Big Data and Data Analytics applied to the Monitoring of Water Distribution Networks
Correu electrònic de l'autormireya.mubgmail.com
Tutor / director / avaluadorPuig Cayuela, Vicenç
Tipus de documentProjecte Final de Màster Oficial
Condicions d'accésAccés obert
The project associated with this master thesis was performed in collaboration with Water Technological Centre CETAQUA1, located in Cornellà de Llobregat. The aim of this thesis is to implement the use of data analytics and machine learning models for demand monitoring in water networks using data collected from Automatic Meter Reading (AMR). With this, the scope of the project intends to analyze the influence of external variables on the consumption pattern. Starting from the knowledge of the state of the art in the existing Big Data techniques and tools, the most adequate for water distribution networks monitoring will be chosen. Three different datasets were processed for the purpose of the study, two of these corresponding to the city of Tarragona, and the remainder to the city of Torremolinos; databases including the variables linked to the consumer account associated to the meters were also used.

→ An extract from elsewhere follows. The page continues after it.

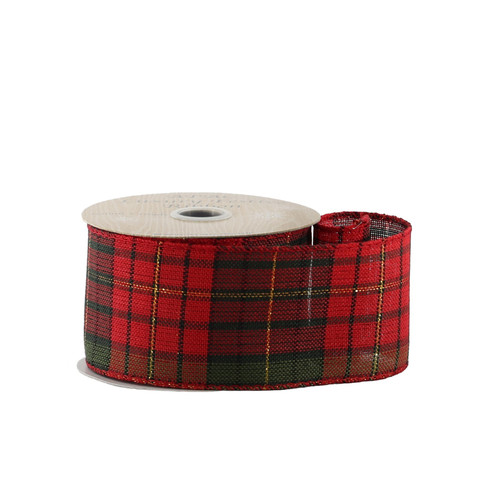 Red & Gold Tartan Wired Edge Ribbon (63mm)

All of the datasets and databases were provided by the company. The study consisted of two stages, in the first one the datasets were split by season and analyzed separately to evaluate the features presented in each one. To evaluate the representative behavior for each city, the clustering labels were analyzed to find the groups of sensors who share the same pattern in behavior. In the second stage three different models were applied to the data to find the relation between the demand patterns and the meter account variables. The results reveal a symbolic number of groups of sensors that follow the same behavior in the seasonal analysis; outlier activity associated to high consumer and non-domestic use was also detected. The results obtained in the second stage suggest a forced input-output relation among the meter account variables and the clustered patterns; these results improve when combining these variables with features associated with the demand pattern. Some of the drawbacks during the execution of the project were the untrustworthiness of some predictors, as well as the loss of information due to outlier extraction or missing data.